Optimise stable diffusion model on Rasberry Pi

Optimise stable diffusion model on Rasberry Pi

Github repo: https://github.com/WideSu/OnnxStream

Project idea: https://www.raspberrypi.com/news/creating-ai-art-with-raspberry-pi-magpimonday/

YouTube Video: https://youtu.be/NvJ4HtWQ_OY

Introduction

Localised GenAI model is the future for data privacy and security. But the expensive computing resources stoped many people from developing their own GenAI models. I saw an interesting project on GitHub which enabled running stable diffusion model on Rasberry Pi Zero with limited memory and computing resources by using attention slicing and quantization.

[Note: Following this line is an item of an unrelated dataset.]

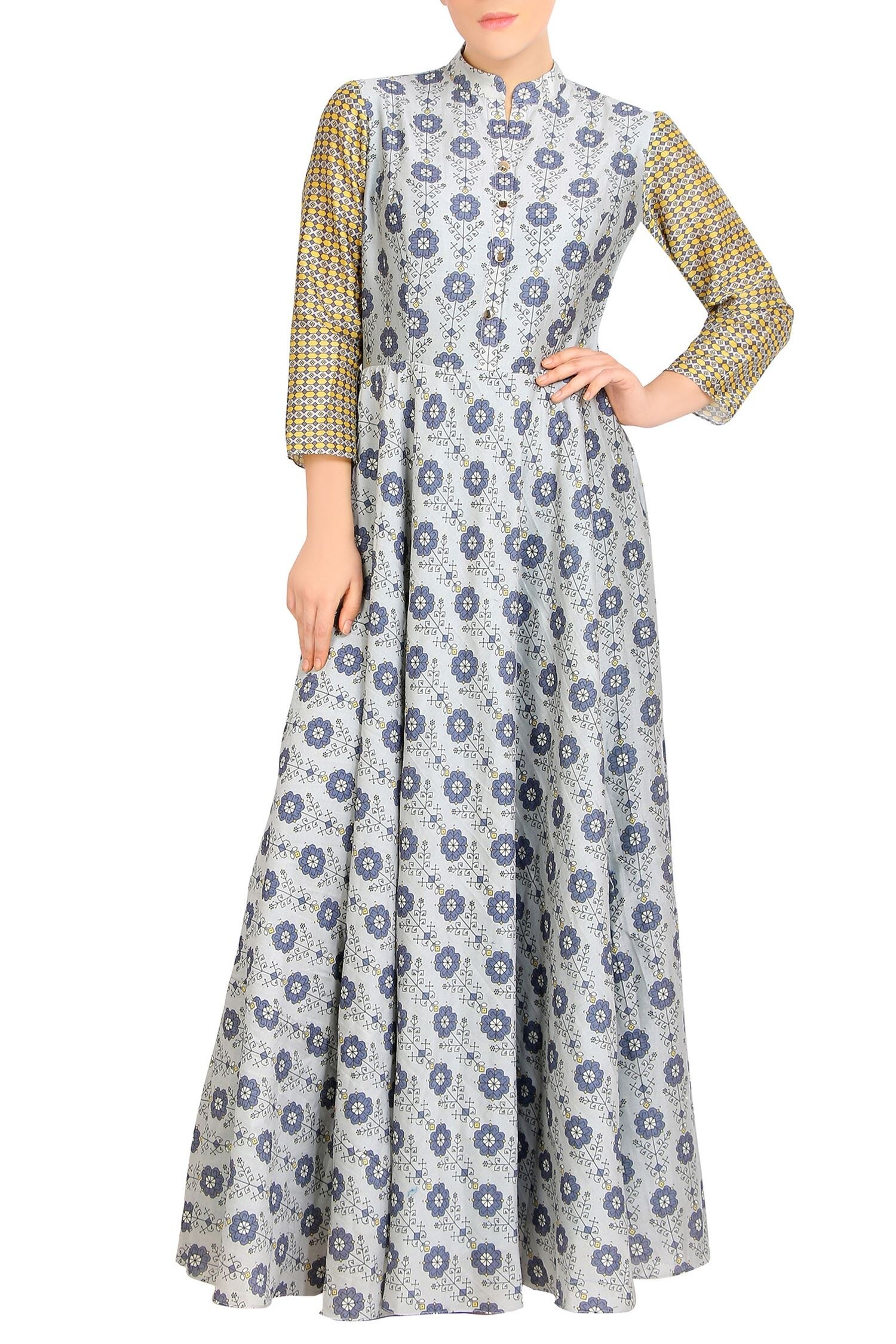 Soup by Sougat Paul Blue Printed Pleated Dress For Women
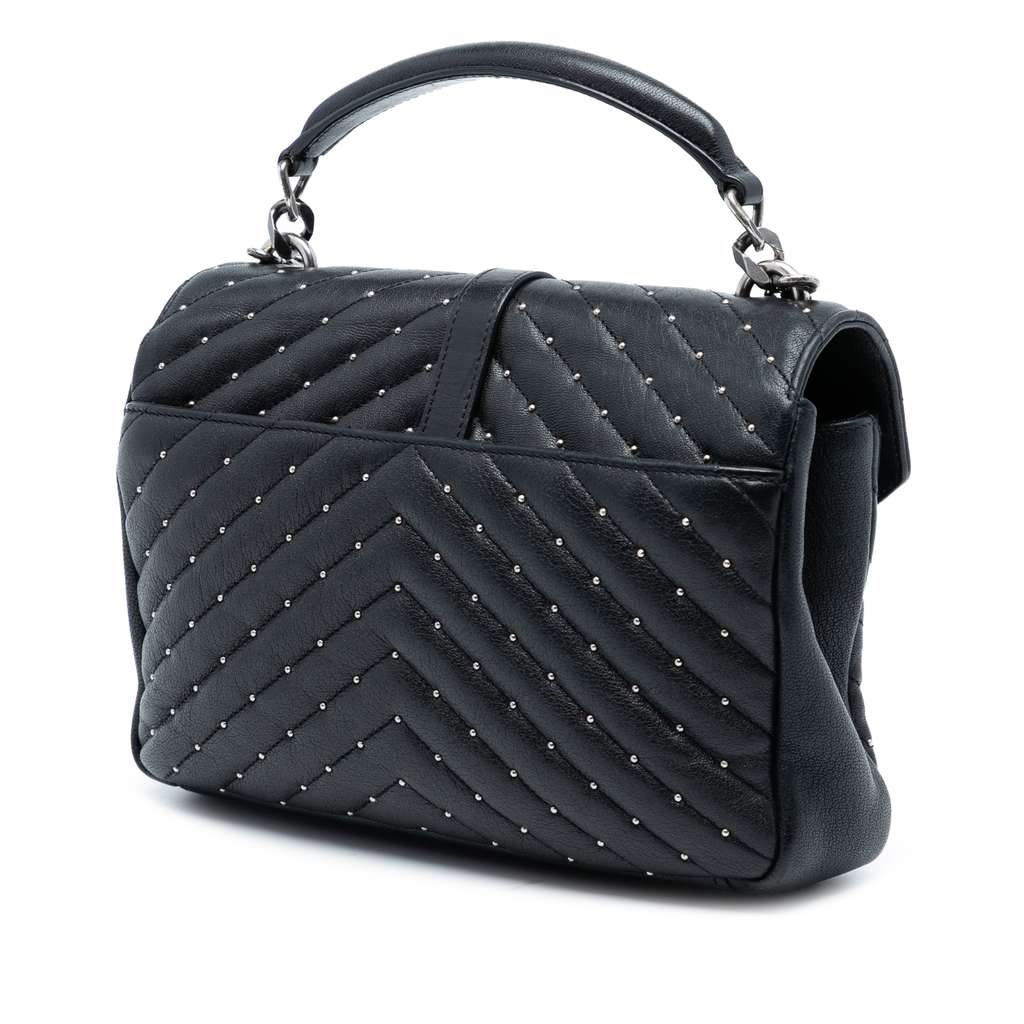 Saint Laurent Medium Quilted Chevron Studded Sheepskin College Satchel - 2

The project I saw is called OnnxStream, it makes use of XNNPACK to optimise how Stable Diffusion generates AI imagery. It was tested was using Raspberry Pi OS Lite 64-bit on Raspberry Pi Zero 2 W. Vito’s GitHub has more details on setting up OnnxStream on a Raspberry Pi with “every KB of RAM needed to run Stable Diffusion.” I tried to run it on my rasberry pi 4B which has 8GB ram and wrote this step-to-step guide to help people who are interested to build their own localised diffusion model.

In just 1.5 hours, OnnxStream produced a near identical output on Raspberry Pi Zero 2 to a PC

Less memory usage than other stable diffusion models

This table shows the various inference times of the three models of Stable Diffusion 1.5, together with the memory consumption (i.e. the Peak Working Set Size in Windows or the Maximum Resident Set Size in Linux).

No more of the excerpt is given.